● Nobel ödülleri arasında kurumsal yoğunlaşması en yüksek alan ekonomi.
● 1950’den bu yana sadece birkaç elit üniversite, ekonomi alanındaki Nobel ödüllerini domine ediyor.
● Bilimsel çeşitlilik azalırken, entelektüel üretim giderek daha az kurumun tekelinde toplanıyor.
Yeni yayımlanan bir analiz, ekonomi biliminin yapısal elitizmini gözler önüne serdi. Nobel ödülleri tarihine bakan çalışma, 1950’den bu yana yalnızca sekiz seçkin ABD üniversitesinin, ekonomi alanındaki Nobel kazananlarının büyük kısmını ürettiğini ortaya koyuyor. Grafik, “Institutional concentration of Nobel laureates from 1950” başlığıyla bu eğilimi açık biçimde gösteriyor:

Ekonomide kurumsal yoğunlaşma, Herfindahl–Hirschman Endeksi (HHI) ile ölçüldüğünde, diğer tüm bilim alanlarından belirgin biçimde yüksek. 1980’lerden itibaren bu yoğunlaşma hızla artmış ve 2010’larda zirveye ulaşmış durumda. Aynı dönemde fizik, kimya ve tıp alanlarında HHI değerleri düşüş göstererek daha dengeli bir dağılım sergiliyor.

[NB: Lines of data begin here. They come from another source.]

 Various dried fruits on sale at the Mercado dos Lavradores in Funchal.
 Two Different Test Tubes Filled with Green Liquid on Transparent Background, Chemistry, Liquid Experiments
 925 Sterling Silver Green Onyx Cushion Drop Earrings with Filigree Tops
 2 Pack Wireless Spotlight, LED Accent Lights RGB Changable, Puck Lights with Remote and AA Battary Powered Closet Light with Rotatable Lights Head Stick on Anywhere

Grafiğin altındaki notta şu ifade yer alıyor:
“Bir alanın belirli yıldaki kurumsal yoğunluğu, o yıl itibarıyla Nobel kazananların akademik kurumlarının HHI değeriyle ölçülmüştür.”

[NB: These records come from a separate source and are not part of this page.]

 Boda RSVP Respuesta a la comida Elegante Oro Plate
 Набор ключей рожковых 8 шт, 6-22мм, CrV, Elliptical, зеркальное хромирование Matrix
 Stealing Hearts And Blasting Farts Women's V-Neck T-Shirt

Bu teknik açıklama, ekonomideki yoğunlaşmanın yalnızca geçmişe dönük bir birikim olmadığını, aynı zamanda güncel akademik ekosistemin yapısal merkezileşmesini temsil ettiğini gösteriyor.
Sonuç, entelektüel üretimin coğrafi ve kurumsal anlamda daraldığı bir tabloyu ortaya koyuyor. Harvard, MIT, Chicago, Stanford, Princeton, Columbia, Berkeley ve Yale — bu sekiz kurumun dışına çıkan neredeyse hiçbir ekonomi Nobel’i yok.
Bu durum, iki farklı yoruma açık:
Bir yandan bu üniversitelerin akademik standartlarının istikrarını gösteriyor; diğer yandan ise ekonomi biliminin çeşitliliğini yitirdiği, alternatif paradigma ve bölgesel okul yaklaşımlarının marjinalleştiği eleştirilerini güçlendiriyor.
Bugün ekonomi disiplini, Nobel ölçeğinde “bilimsel başarı”yı belirleyen değerlerin ne kadar dar bir çevrede üretildiği sorusuyla karşı karşıya. Tıpkı finans piyasalarındaki gibi, entelektüel sermayenin de birkaç merkezde yoğunlaştığı bir dönemden geçiyoruz.
Ve bu tablo, yalnızca kim ödül alıyor sorusunu değil, hangi düşüncelerin ödüllendirildiğini de yeniden tartışmaya açıyor.